Fig. 1. Schematic illustration of the steady. The spin-orbit coupled Bose-Einstein condensate is trapped inside a high Q cavity, driven by control pump field ωE and a probe field ωP. When probe light interacts with pseudo spin-states, these states imprint synthetic texture to the probe light modes (schematically shown in left figure), which then form gapped and gapless bulk modes. But when the atomic dissipations act as a gain or amplification for probe light (schematically illustrated in right figure), surface modes or edge modes of probe light appear on the edges of the spin-states resulting in topology of light.  

In this work, the probe light was used to interact with spin-orbit coupled Bose-Einstein condensate in a cavity system. By adopting the approach of electromagnetically induced transparencies, we observe the transmission of probe light to reveal whether spin texture of spin-orbit coupled atomic states can imprint topological features to interacting probe light or not. The probe-pump induced double excitations of both spin states create transparencies for probe light. After that the pseudo spin states (synthetic spin-up and spin-down) of spin-orbit coupled BEC (in presence of cavity setup and configuration) imprint their signatures in the transmitting probe photons by altering their orbital angular momentum, depending upon the synthetic spin of the atomic states, as schematically illustrated in Fig. 1. However, in amplification case – where the atomic damping greater than cavity decay acts as a gain to the cavity field (κ/γ<1) – a edge-like surface modes appear around the edges of the pseudo-spin states revealing the topological phase transition, as schematically illustrated in Fig. 1 (right).

 Transparencies For Probe Light:

 To start, the phenomenon of electromagnetically induced transparency occurs because of the quantum interferences that permit the transmission of probe light from atomic medium in presence of pump laser induced transitions.

  

Fig. 2. The energy level excitation diagram. The left-side illustrates the probe-pump excitation of the atoms and
right-side is the Raman excitations at storage level for spin-orbit coupling.
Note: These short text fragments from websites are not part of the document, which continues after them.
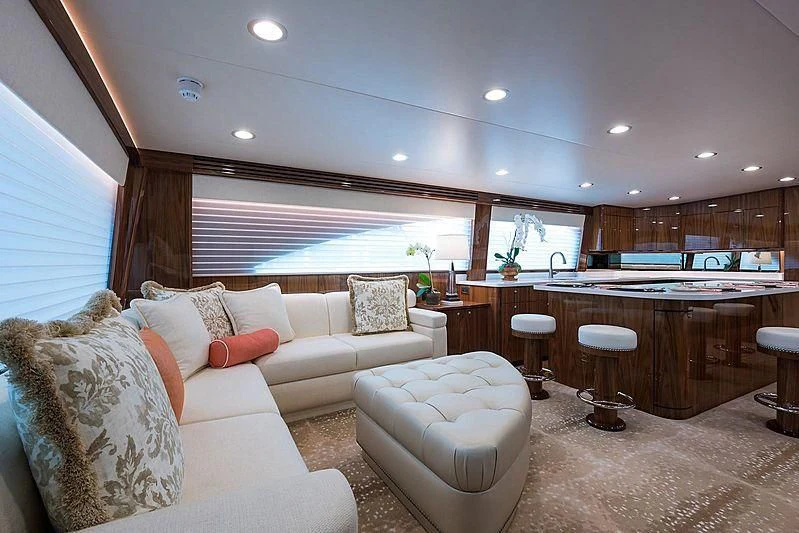 a living room with a couch and a table aboard PARTY OF FIVE Yacht for Sale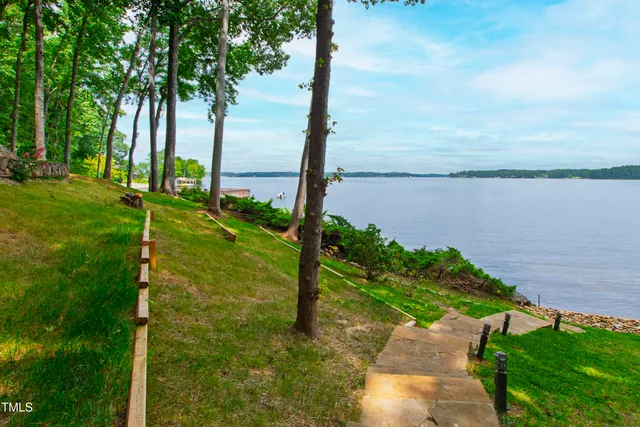 an aerial view of a houses with ocean view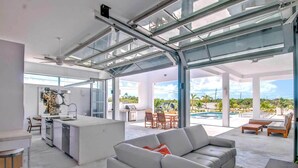 A spacious living area with a large glass door leading to a pool, a kitchen with modern appliances, and a comfortable seating area. - Vacation Villa Oceanview Hotel Amenities (Providenciales)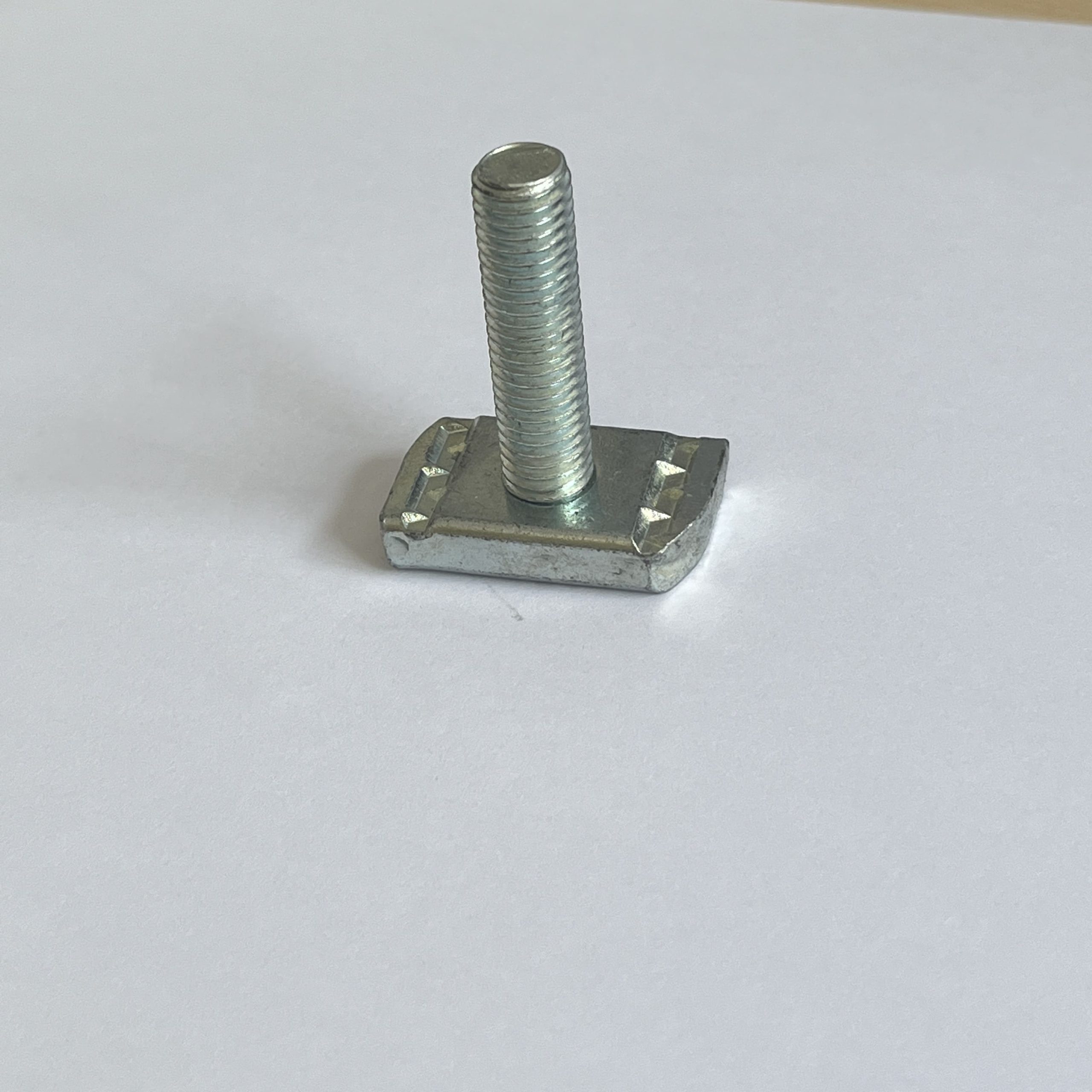 Strut channel nut with threaded stud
In this study, the bias magnetic field produces a Zeeman splitting ħωz of electronic ground state manifold (as shown in Fig. 2), yielding to two pseudo spin states |↑〉 and |↓〉. These pseudo spin states then become momentum sensitive because of momentum locking produced by the two counter propagating Raman lasers. These pseudo-spin states get collectively excited to the intermediate or storage state, similarly like any conventional mediums for electromagnetically induced transparency. As both pseudo spin states lay at different levels in the spectrum of intermediate storage state because of probe-pump interactions, therefore, the transitions from both states to the ground state of the system |g〉 are prohibited by the dipole configuration, yielding in two transparencies for the probe light. In other words, now quantum interference between three transitional pathways results in two transparencies. Therefore, the first (or only one) transparency window appears in the probe transmission when only Bose-Einstein condensate (without spin-orbit coupling) is coupled to the cavity. However, in the presence of spin-orbit coupling, the probe transmission shows two windows of electromagnetically induced transparency, because of standard Raman process that converts simple Bose-Einstein condensate to two pseudo spin states.  Further, at higher values of ωz, the Zeeman splitting reaches to such levels from where the transition blockage to the system ground state |g〉 results in another dark state occurring in off-resonance domain of probe-pump detuning.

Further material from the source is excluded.